Nuova gerarchia Generation Y e fine della TLS Client Authentication
Il cambiamento più rilevante tra quelli stabiliti da Let’s Encrypt è l’introduzione di un nuova gerarchia, Generation Y, che comprende due nuove Root Certificate Authority e sei nuove Intermediate CA. Queste entità sono cross-signed dalle root Generation X e identificate come X1 e X2 per garantire continuità nei contesti in cui le vecchie root sono state già riconosciute.
Generation Y è stato concepito appositamente per supportare le evoluzioni crittografiche e una gestione più efficiente del ciclo di vita dei certificati. Gli utenti dei profili tlsserver e short-lived inizieranno fin da subito a ricevere i certificati emessi dalla nuova gerarchia.
Let’s Encrypt ha poi confermato la dismissione dell’autenticazione TLS lato client. Il processo inizierà a febbraio 2026. Dal 13 maggio 2026 il profilo ACME classico passerà automaticamente a Generation Y senza il supporto per Client Auth. Gli utenti che necessitano di più tempo potranno continuare a utilizzare tlsclient che resterà , anche se basato su Generation X, fino alla stessa data.
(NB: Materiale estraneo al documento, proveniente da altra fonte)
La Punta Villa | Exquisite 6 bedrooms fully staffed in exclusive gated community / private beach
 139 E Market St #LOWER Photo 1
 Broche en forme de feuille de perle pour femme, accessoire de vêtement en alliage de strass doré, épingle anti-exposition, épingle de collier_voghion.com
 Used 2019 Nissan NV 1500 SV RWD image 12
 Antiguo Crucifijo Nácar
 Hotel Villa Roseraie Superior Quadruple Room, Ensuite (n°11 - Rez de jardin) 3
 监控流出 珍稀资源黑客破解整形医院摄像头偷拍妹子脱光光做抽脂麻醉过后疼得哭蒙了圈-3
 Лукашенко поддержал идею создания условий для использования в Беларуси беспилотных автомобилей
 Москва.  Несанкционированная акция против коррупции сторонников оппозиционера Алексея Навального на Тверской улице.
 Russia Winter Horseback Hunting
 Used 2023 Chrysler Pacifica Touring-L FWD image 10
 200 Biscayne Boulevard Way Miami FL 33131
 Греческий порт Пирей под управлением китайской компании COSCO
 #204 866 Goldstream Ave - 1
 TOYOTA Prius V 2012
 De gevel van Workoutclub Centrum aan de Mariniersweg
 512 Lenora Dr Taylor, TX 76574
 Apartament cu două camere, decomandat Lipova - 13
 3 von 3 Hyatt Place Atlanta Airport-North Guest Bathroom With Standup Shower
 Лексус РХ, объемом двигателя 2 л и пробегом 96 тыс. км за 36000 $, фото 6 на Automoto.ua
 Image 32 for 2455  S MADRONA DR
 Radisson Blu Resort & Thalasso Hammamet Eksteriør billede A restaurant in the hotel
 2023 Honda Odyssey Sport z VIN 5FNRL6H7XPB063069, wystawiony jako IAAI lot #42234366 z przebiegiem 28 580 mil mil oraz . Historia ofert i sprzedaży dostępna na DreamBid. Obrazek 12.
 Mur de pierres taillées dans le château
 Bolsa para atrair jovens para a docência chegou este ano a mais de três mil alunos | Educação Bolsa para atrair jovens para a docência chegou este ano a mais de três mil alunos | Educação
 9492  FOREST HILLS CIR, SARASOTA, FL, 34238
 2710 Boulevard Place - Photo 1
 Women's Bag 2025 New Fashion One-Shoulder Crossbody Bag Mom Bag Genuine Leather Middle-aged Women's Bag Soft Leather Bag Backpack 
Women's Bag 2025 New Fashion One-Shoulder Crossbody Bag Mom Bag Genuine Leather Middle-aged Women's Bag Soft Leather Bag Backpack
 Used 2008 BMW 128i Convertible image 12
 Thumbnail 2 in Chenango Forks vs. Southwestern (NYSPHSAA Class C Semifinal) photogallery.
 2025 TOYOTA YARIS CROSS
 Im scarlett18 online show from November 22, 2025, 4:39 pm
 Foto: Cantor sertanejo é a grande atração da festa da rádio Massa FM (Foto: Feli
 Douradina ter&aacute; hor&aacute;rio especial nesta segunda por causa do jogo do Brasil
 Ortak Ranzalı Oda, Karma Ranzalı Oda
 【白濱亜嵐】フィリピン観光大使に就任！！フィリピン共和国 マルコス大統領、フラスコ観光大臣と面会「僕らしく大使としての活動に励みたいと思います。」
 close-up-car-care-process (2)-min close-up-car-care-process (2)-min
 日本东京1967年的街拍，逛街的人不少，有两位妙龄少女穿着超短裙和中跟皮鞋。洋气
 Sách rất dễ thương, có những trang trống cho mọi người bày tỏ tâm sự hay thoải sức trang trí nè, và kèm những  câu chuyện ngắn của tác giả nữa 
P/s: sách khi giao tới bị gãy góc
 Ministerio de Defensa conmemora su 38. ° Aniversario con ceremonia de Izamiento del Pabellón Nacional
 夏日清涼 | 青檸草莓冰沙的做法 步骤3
Certificati Let’s Encrypt da 45 giorni per una maggiore sicurezza
Da segnalare anche la riduzione progressiva della durata dei certificati per conformità con i requisiti del CA/Browser Forum. Nel 2026 partirà una fase opzionale che consentirà di ottenere certificati da 45 giorni tramite il profilo tlsserver. Nel 2027 la durata predefinita scenderà a 64 giorni, mentre nel 2028 verrà fissata a 45 giorni.
A parere dei responsabili di Let’s Encrypt dei certificati più brevi consentono di ridurre la finestra di attacco, permettono aggiornamenti più rapidi e limitano l’impatto delle emissioni errate. La loro disponibilità includerà anche il supporto agli indirizzi IP.